### Instructions to follow
In the data below, set down exactly the lines from the one containing "American Indian Wolf" up to and including the one containing "Miniatura 4 de". Leave the pictures out.
:: Task material ::
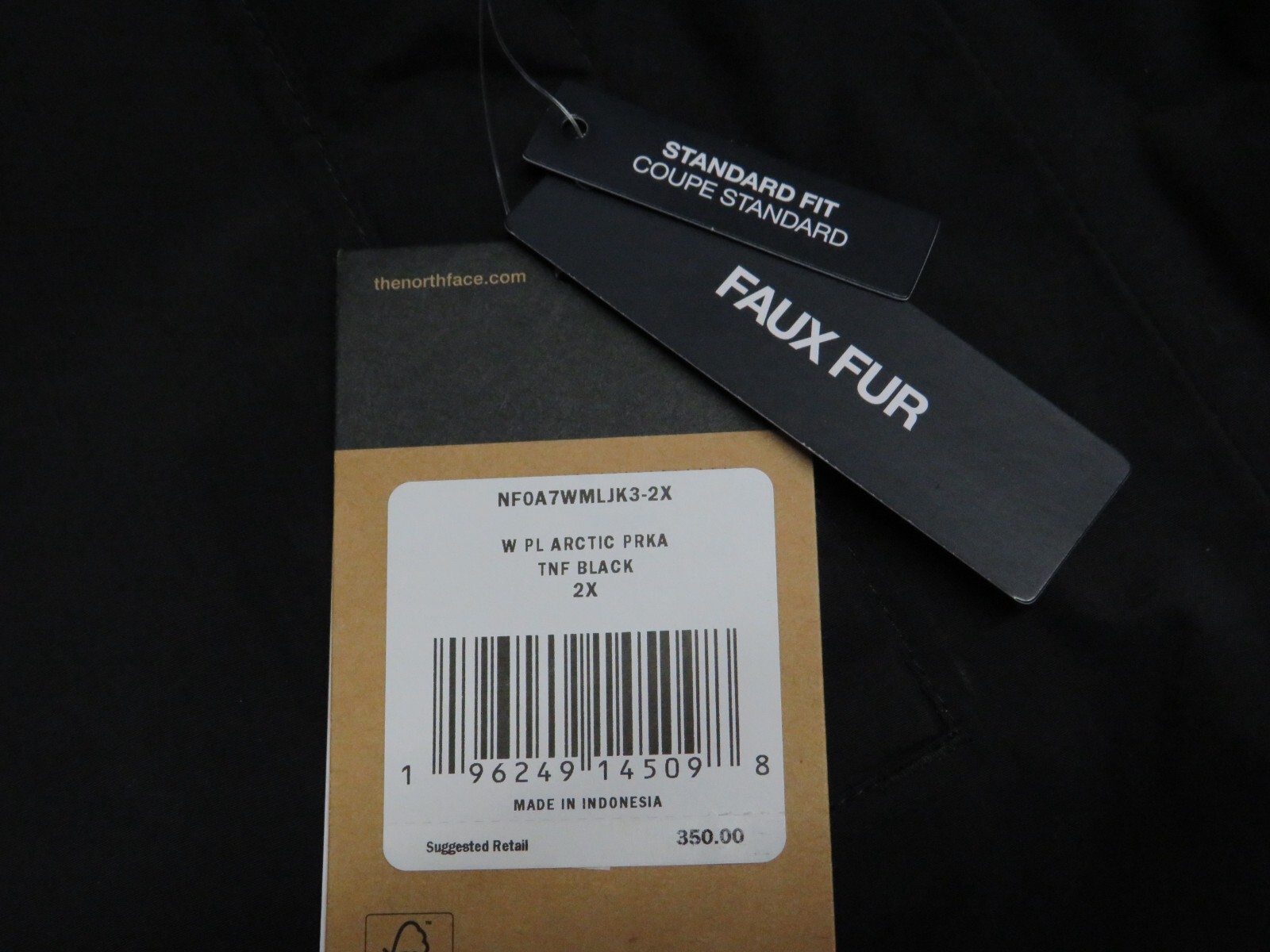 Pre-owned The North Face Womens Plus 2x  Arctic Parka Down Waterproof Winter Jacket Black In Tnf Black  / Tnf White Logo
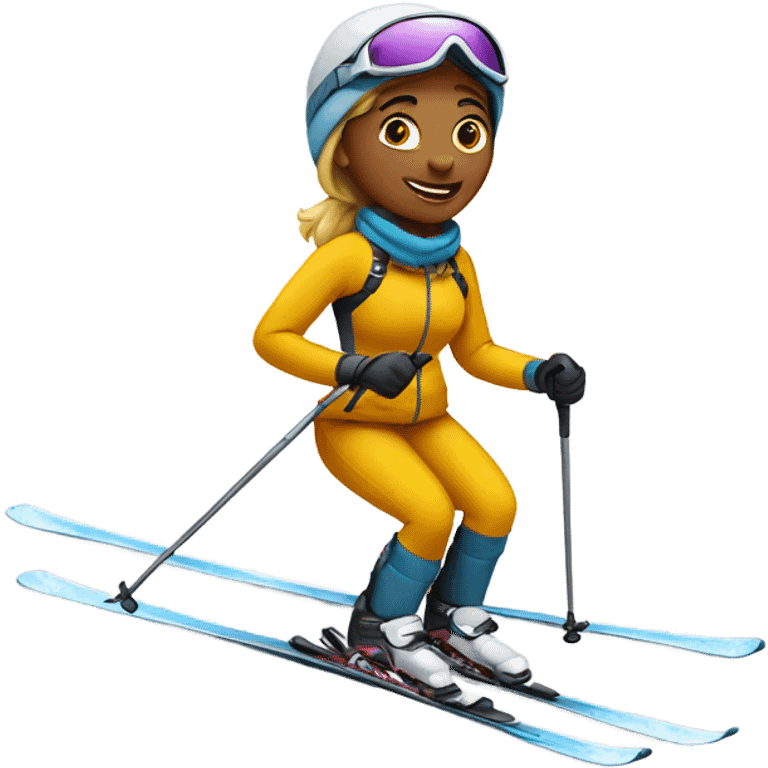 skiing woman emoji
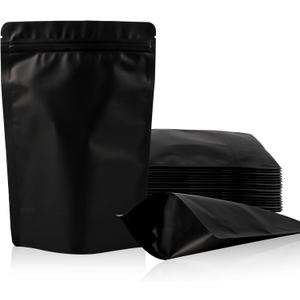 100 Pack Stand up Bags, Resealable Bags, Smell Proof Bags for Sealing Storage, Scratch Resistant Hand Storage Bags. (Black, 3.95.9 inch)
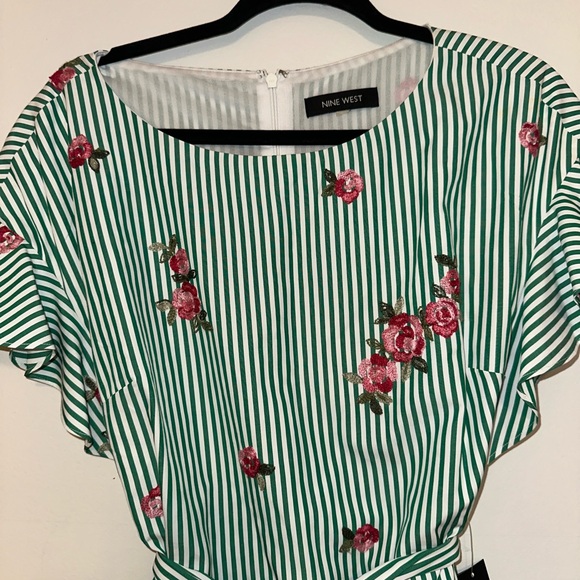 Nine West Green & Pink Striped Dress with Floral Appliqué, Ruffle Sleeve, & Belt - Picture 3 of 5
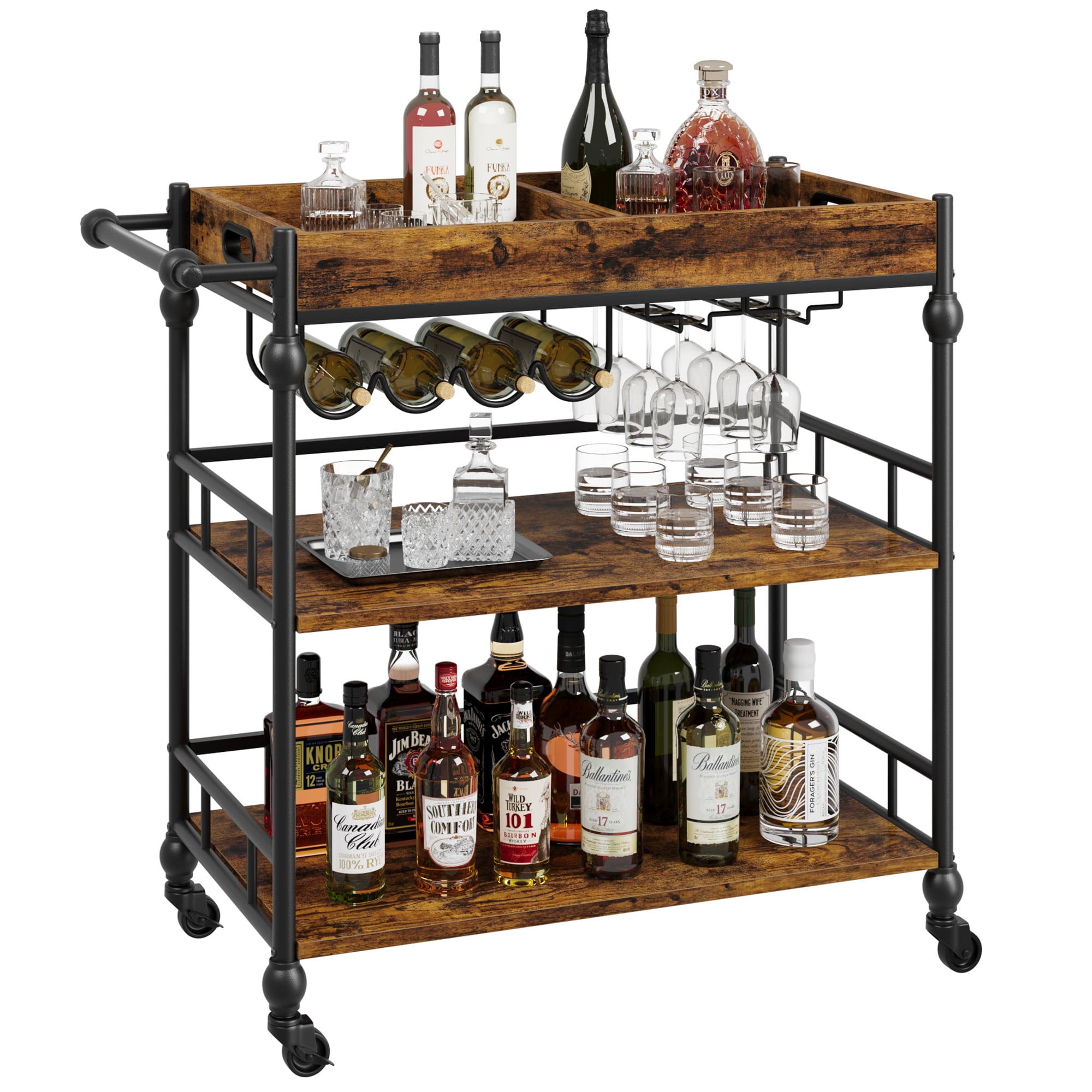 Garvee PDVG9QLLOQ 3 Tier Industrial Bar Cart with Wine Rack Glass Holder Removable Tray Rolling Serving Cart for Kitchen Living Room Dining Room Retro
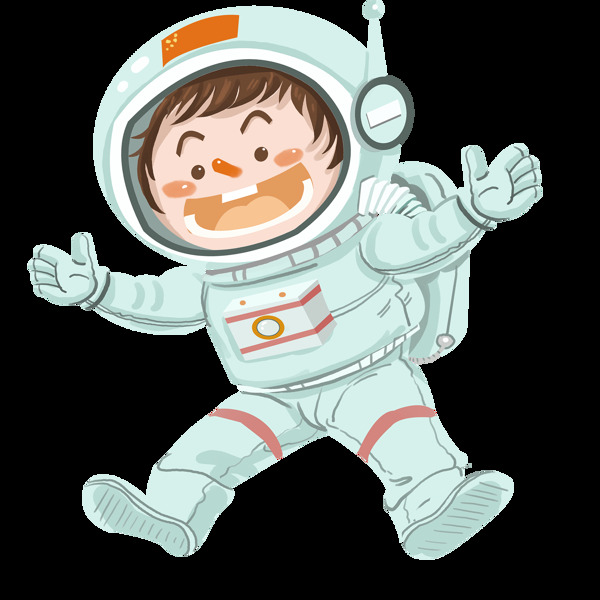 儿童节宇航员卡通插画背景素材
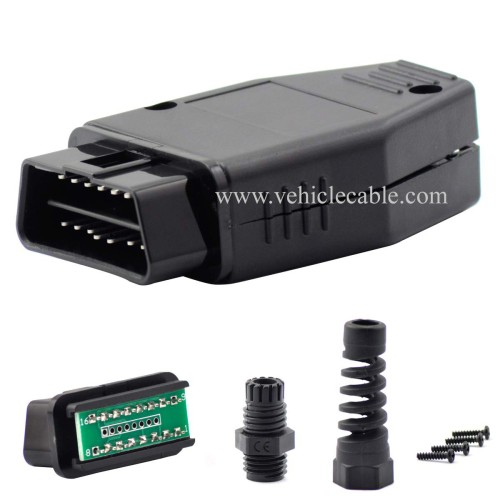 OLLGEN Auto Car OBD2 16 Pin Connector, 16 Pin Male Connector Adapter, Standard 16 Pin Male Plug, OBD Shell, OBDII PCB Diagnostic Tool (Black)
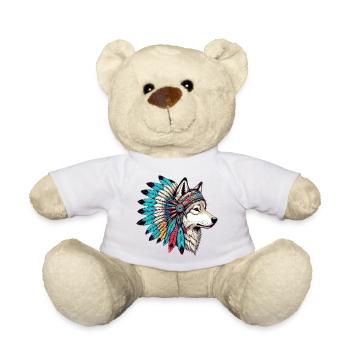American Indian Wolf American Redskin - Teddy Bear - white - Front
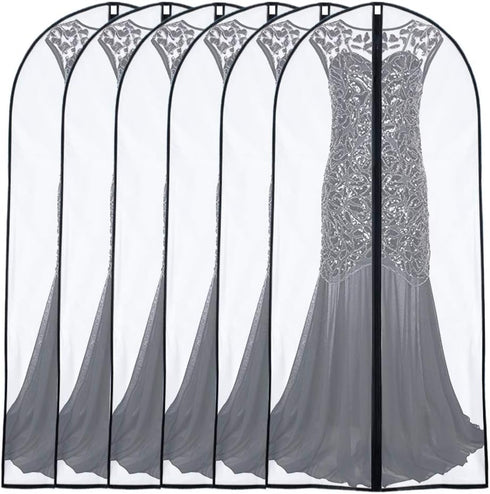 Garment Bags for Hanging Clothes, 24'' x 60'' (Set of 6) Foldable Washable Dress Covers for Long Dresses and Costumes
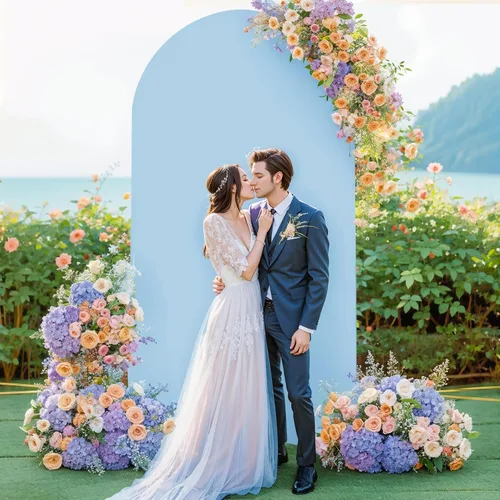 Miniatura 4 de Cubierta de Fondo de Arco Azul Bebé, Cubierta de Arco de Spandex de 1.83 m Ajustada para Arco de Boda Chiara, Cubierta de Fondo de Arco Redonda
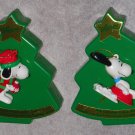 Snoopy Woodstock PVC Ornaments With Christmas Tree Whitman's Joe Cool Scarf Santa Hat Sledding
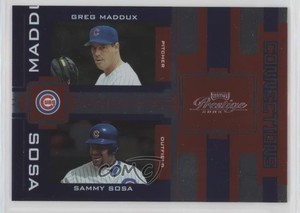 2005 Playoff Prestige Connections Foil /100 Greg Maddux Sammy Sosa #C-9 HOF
:::
### Written reply
American Indian Wolf American Redskin - Teddy Bear - white - Front
 Garment Bags for Hanging Clothes, 24'' x 60'' (Set of 6) Foldable Washable Dress Covers for Long Dresses and Costumes
 Miniatura 4 de Cubierta de Fondo de Arco Azul Bebé, Cubierta de Arco de Spandex de 1.83 m Ajustada para Arco de Boda Chiara, Cubierta de Fondo de Arco Redonda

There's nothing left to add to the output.